For many of us, the 1990s don’t seem like a very long time ago — but from a work mode perspective, they are almost the Dark Ages. At the beginning of the 1990s, firms with “knowledge workers” (not yet called that) maintained filing systems filled with oddly-shaped pieces of paper, photographs and cardboard folders, collected at trade shows, seminars and via the daily mail, which dumped a pile of oddly-shaped envelopes on a table in a windowless room. Finding information was problematic: it was estimated that 20% or more of all of those papers were misfiled, and workers would often hoard the bits that were especially important to them, removing them from the central filing cabinets altogether. Learning about new developments was even harder; the path between the envelopes piled on the table and one’s attention was circuitous (and uncertain) at best.
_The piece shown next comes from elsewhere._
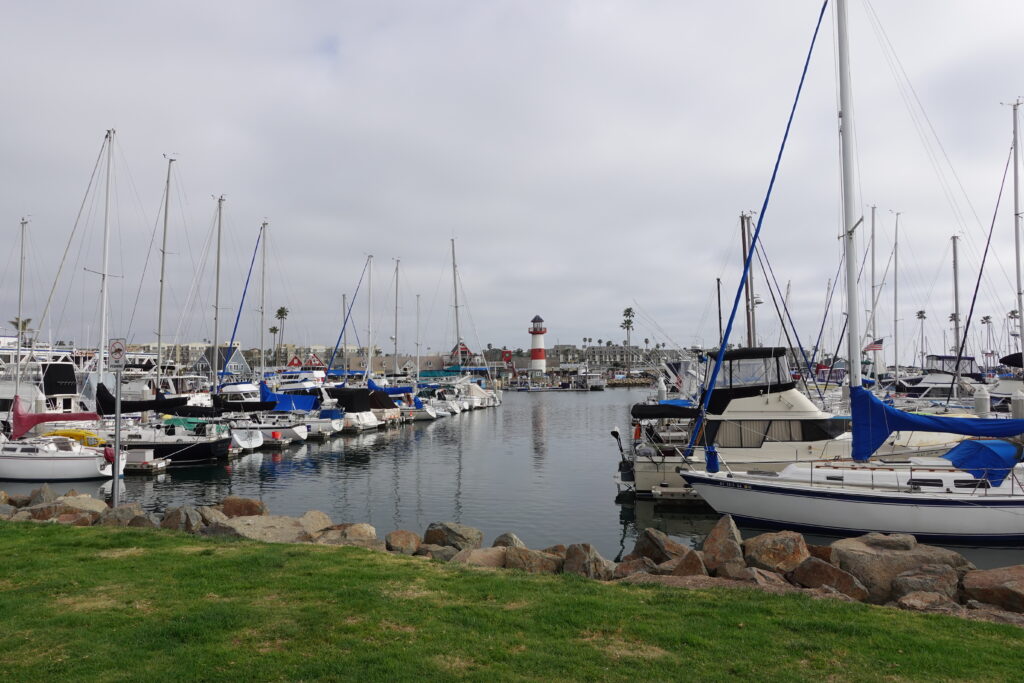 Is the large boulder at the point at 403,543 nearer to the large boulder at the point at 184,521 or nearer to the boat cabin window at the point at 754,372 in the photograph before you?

The advent of the Internet and email completely changed the way that information was distributed. The Internet didn’t just replace those filing cabinets, it obliterated the entire collect/store/retrieve process, enabling anyone with even rudimentary skills to poke into every corner of every drawer on earth to retrieve whatever brochure, article or picture they were looking for. And email reduced the pile of physical envelopes to two streams — the neatly-packaged cheques and invoices went off to finance, and the lumpy packages with pictures and brochures were routed to the recycle bin.
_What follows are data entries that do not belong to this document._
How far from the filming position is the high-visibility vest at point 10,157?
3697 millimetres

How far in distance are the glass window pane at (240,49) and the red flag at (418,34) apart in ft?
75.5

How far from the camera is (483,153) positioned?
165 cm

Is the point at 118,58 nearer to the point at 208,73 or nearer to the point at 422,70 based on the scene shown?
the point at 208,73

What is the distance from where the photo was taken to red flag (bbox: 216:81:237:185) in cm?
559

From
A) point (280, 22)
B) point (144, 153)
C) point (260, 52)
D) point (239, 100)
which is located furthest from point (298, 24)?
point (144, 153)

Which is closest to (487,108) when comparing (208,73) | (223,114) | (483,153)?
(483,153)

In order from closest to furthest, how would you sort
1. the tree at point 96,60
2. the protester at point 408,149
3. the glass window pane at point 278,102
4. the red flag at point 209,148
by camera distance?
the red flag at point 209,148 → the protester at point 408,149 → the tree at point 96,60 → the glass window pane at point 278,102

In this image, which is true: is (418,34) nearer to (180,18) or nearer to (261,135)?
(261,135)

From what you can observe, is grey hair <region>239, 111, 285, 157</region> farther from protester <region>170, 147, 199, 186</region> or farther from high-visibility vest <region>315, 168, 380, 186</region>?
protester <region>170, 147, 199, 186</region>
In time, information flow morphed further. Collaboration tools built on Internet technologies enabled context-rich, group-focused communications; this replaced, at least in some cases, the need for the table itself, and the chairs that surrounded it. Other social tools, such as Twitter, evolved to exploit new opportunities for continuous connectedness. And email divided into two broad categories: it was used for person-to-person (or person to small group) business communications, and it was used as a broadcast medium. The broadcast use in turn had multiple layers: email lists were used to keep groups of family and friends abreast of developments (at least, by the handful of people who weren’t already using Facebook instead); it was used to distribute product information to theoretically-interested parties; it was used for regular communications to defined groups, such as donors, volunteers, or fans of a particular team or ensemble; it was used by news sources to ‘push’ information to readers, alerting them to new developments without requiring them to ‘pull’ information off websites on a regular basis; and it was used by a host of spammers to tempt unwary users to download malware and/or part with credit card information.
The Canadian government has decided to take action against this last group — but in the process, has introduced legislation that will affect the entire email stack, and in turn, the ability of Canadians to stay current with new developments, and/or to promote new products or insights to their countrymen. Canada’s Anti-Spam Legislation (CASL) arrives July 1st with the intention of filtering out spam — a function that is currently addressed in greater or lesser degree by a host of low-cost or free technologies (including by Gmail, whose intelligent filtering does a good job of separating “Primary” and “Social” communications from “Promotions”). Once in place, CASL will have the effect of reducing spam traffic across public and private networks — but it will also have the effect of silencing many different information sources, to the detriment of Canadian businesses and consumers.
In our opinion, there are three key factors that shape the impact that the law will have on Canadian businesses: the disconnect between the intent and effect of CASL, the confusion surrounding its introduction, and the unanticipated but beneficial consequence that we expect it will have on Canadian business understanding and use of social media. An understanding of how and why CASL will have a negative effect on Canadian business requires that we ‘connect the dots’ between these issues to explain why legislation with a beneficial orientation is likely to have negative consequences.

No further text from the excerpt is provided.